Data structures and compression algorithms for high-throughput sequencing technologies
1 Department of Computer Science, University of California Irvine, Irvine, CA 92697 USA
2 Institute for Genomics and Bioinformatics, University of California Irvine, Irvine, CA 92697 USA
3 Department of Mathematics, University of California Irvine, Irvine, CA 92697 USA
4 Center for Complex Biological Systems, University of California Irvine, Irvine, CA 92697 USA
5 Department of Biological Chemistry, University of California Irvine, Irvine, CA 92697 USA
BMC Bioinformatics 2010, 11:514 doi:10.1186/1471-2105-11-514Published: 14 October 2010
High-throughput sequencing (HTS) technologies play important roles in the life sciences by allowing the rapid parallel sequencing of very large numbers of relatively short nucleotide sequences, in applications ranging from genome sequencing and resequencing to digital microarrays and ChIP-Seq experiments. As experiments scale up, HTS technologies create new bioinformatics challenges for the storage and sharing of HTS data.
We develop data structures and compression algorithms for HTS data. A processing stage maps short sequences to a reference genome or a large table of sequences. Then the integers representing the short sequence absolute or relative addresses, their length, and the substitutions they may contain are compressed and stored using various entropy coding algorithms, including both old and new fixed codes (e.g Golomb, Elias Gamma, MOV) and variable codes (e.g. Huffman). The general methodology is illustrated and applied to several HTS data sets. Results show that the information contained in HTS files can be compressed by a factor of 10 or more, depending on the statistical properties of the data sets and various other choices and constraints. Our algorithms fair well against general purpose compression programs such as gzip, bzip2 and 7zip; timing results show that our algorithms are consistently faster than the best general purpose compression programs.

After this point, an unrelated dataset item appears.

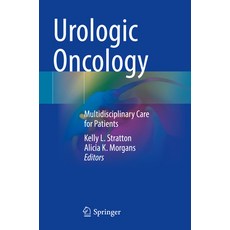 (영문도서)Urologic Oncology: Multidisciplinary Care for Patients Paperback, Springer, English, 9783030898939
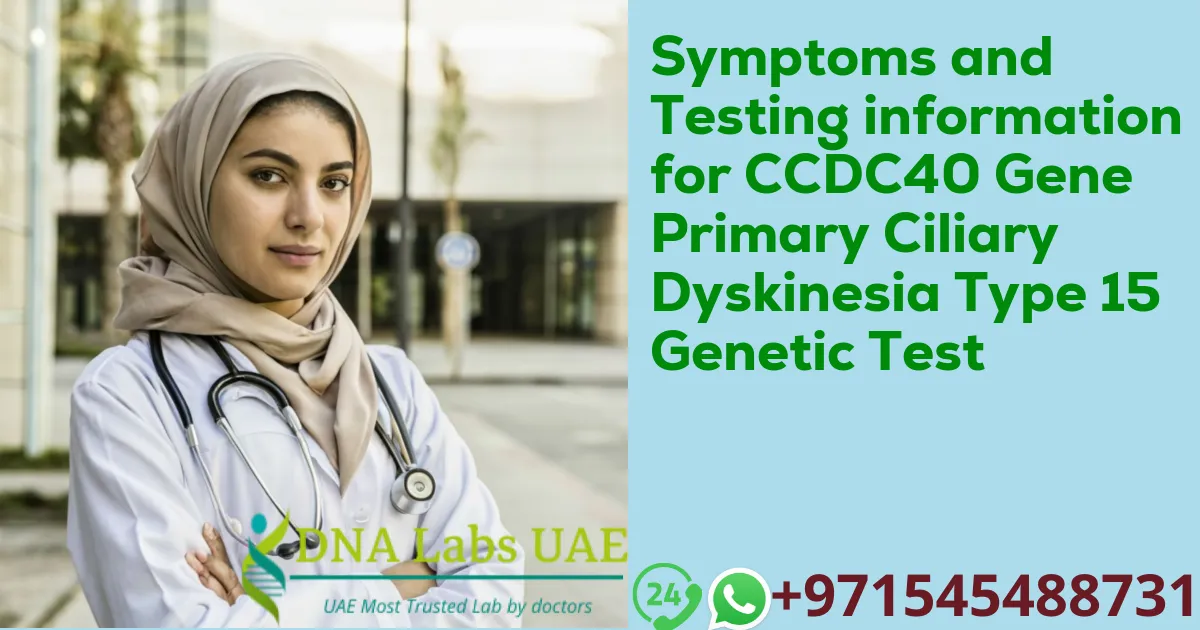 Symptoms and Testing information for CCDC40 Gene Primary Ciliary Dyskinesia Type 15 Genetic Test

It is not likely that exactly one encoding strategy will be optimal for all types of HTS data. Different experimental conditions are going to generate various data distributions whereby one encoding strategy can be more effective than another. We have implemented some of our encoding algorithms into the software package GenCompress which is available upon request from the authors. With the advent of HTS technology and increasingly new experimental protocols for using the technology, sequence databases are expected to continue rising in size. The methodology we have proposed is general, and these advanced compression techniques should allow researchers to manage and share their HTS data in a more timely fashion.